Hina Chaudhry z Mount Sinai School of Medicine w Nowym Jorku skojarzyła normalne samice myszy z genetycznie zmodyfikowanymi samcami. Wszystkie komórki tworzące organizm samców wytwarzały świecące na zielono białko. Połowa ich potomstwa odziedziczyła tę cechę, dzięki czemu łatwo można było wykryć obecność komórek płodu w organizmie matki (widomo, że niektóre komórki płodu przenikają poprzez łożysko).
U ciężarnych myszy wywołano zawał serca, a w dwa tygodnie później zostały one zabite i poddane sekcji. Okazało się, że w sercach matek były świecące na zielono komórki ich potomstwa, które przyspieszały proces zdrowienia, zmieniając się w komórki mięśni oraz naczyń krwionośnych.

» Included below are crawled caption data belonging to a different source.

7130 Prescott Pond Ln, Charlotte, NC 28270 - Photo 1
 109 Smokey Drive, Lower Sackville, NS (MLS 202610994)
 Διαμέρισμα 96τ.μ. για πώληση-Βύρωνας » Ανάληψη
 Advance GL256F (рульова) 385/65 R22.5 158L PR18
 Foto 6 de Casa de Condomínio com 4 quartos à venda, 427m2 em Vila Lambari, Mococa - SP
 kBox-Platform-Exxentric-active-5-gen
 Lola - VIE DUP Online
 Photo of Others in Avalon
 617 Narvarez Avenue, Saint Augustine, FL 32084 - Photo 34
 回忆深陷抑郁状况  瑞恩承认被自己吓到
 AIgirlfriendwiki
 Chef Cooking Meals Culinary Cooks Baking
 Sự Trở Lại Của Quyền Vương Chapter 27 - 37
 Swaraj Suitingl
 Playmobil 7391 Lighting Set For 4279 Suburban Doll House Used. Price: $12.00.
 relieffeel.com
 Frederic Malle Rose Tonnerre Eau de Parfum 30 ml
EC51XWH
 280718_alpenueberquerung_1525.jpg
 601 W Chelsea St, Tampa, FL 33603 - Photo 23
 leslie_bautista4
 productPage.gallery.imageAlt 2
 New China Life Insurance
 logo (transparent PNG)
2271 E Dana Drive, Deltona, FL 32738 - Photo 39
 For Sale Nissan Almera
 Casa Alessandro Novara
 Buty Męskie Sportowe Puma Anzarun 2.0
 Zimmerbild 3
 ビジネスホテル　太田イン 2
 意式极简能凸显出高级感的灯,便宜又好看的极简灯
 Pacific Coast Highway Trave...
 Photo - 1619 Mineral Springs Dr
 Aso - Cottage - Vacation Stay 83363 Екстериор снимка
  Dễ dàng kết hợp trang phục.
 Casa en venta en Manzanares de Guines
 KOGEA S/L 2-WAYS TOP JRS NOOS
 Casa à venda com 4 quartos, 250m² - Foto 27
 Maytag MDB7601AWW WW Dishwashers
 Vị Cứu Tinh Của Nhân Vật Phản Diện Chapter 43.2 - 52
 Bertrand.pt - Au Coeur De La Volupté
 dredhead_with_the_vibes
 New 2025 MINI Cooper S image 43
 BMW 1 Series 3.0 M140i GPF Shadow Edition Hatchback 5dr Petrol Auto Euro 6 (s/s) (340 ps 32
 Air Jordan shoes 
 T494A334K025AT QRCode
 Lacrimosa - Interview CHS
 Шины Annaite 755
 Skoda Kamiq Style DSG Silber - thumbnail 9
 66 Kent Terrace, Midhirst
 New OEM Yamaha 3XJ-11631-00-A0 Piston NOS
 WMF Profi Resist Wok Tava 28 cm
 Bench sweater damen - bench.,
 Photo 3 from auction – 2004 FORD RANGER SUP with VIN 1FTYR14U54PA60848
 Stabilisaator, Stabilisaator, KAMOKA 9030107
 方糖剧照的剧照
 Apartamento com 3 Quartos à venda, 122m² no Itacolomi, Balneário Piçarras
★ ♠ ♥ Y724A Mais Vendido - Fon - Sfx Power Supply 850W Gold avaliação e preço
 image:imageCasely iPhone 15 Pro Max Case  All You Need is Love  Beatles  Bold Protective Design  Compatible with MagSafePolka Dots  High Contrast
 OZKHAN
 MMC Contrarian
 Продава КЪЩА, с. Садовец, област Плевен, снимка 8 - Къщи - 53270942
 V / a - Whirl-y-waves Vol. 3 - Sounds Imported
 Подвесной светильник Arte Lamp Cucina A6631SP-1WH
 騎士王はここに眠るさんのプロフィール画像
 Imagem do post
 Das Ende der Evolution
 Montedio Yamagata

Zdaniem Chaudhry, taki mechanizm ma ewolucyjny sens - pomagając matce, płód poprawia swoje szanse na przeżycie. Ponieważ tego rodzaju komórki macierzyste można łatwo pozyskać z łożyska i nie powinny wywoływać reakcji immunologicznych, mogą się stać nowym, potencjalnie nieograniczonym źródłem komórek do naprawy chorych serc.
Odkrycie może wyjaśnić, dlaczego u około połowy kobiet, których serce gorzej funkcjonowało tuż przed ciążą i/lub w jej czasie problemy te samorzutnie ustąpiły.
Wcześniejsze badania wykazały obecność komórek płodu także w innych uszkodzonych narządach - mózgu, wątrobie, nerce czy płucu. Wiadomo, że płód wytwarza także komórki, które chronią matkę przed rakiem piersi.